Arrangement 1-2 was reflected in the Hong Kong Basic Law: “The socialist system and policies shall not be practiced in the Hong Kong Special Administrative Region, and the capitalist system and way of life shall remain unchanged for 50 years” (Article 5th). However, Article 1 leaves no doubt: “Hong Kong is an inalienable part of China”.

Hong Kong was occupied by the British from 1841, in the First Opium War. “Unequal and unfair treaties”, as the Chinese say, provided the basis for the British presence in the region for more than 150 years. The area occupied was expanded twice, the last time there was a lease of Chinese territories for 99 years. This rent expired in 1997, the year that marked the end of the British Empire’s presence in China.

Over the past quarter century, Hong Kong has served as a bridge between China and the rest of the world. It facilitated Chinese integration into the economy and especially into the international financial market. In 1997, Hong Kong accounted for 18.4% of Chinese GDP.

Many anticipated that by 2047, at the end of 50 years of the 1-2 formula, China would adopt a political model more palatable to the West — and relations with Hong Kong would contribute to that. In the mid-1990s, it was believed that the economic opening underway in that decade would lead to political opening; there was a certain triumphalism associated with the idea that the model of liberal democracies would be the natural destiny of humanity.
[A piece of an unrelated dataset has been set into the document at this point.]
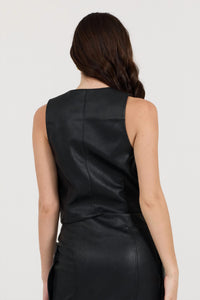 Vintage Havana - Leather Vest And Skirt Set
However, the Hong Kong of 2022, midway on the 50-year trajectory, is more like mainland China than many imagined, or wanted, at the time of the handover.

In 2019, large pro-democracy demonstrations took to the streets of Hong Kong for months, strengthening pro-independence voices, albeit minority ones. The protests tested the patience of Beijing authorities, focused on Article 1 of the Basic Law: one country, not two.
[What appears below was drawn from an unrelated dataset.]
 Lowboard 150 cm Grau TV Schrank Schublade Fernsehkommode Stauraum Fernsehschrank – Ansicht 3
The answer came, not with tanks, but with a National Security Act that took the oxygen out of the demonstrations. Newspapers closed, thousands of protesters were arrested, and control over Hong Kong tightened. Certainly something very different from what Thatcher had expected.

Beijing may, at least for now, have solved its problems with Hong Kong — but the impacts were also felt far away. With the National Security Act, the credibility of the 1-2 model was undermined in Taiwan. An arrangement that, in the view of some, could serve as a basis for peaceful reunification with the so-called rebel province, was once and for all unfeasible. The new modus vivendi between Beijing and Hong Kong worries Taiwanese.

Furthermore, over time, Hong Kong’s economic weight has been eclipsed by Chinese growth. From 18.4% in 1997, the region accounted for 2.3% of China’s GDP in 2020. In fact, Shenzhen City’s GDP surpassed that of Hong Kong in 2018. Hong Kong’s close economic ties to mainland China naturally have political implications. They made many businessmen, for example, support Beijing’s intervention to contain the 2019 protests.

Twenty-five years after the “one country, two systems” experiment in Hong Kong, and 25 years after its end, the Chinese political model and that of the former British colony are closer than ever. But in the opposite way to what many imagined.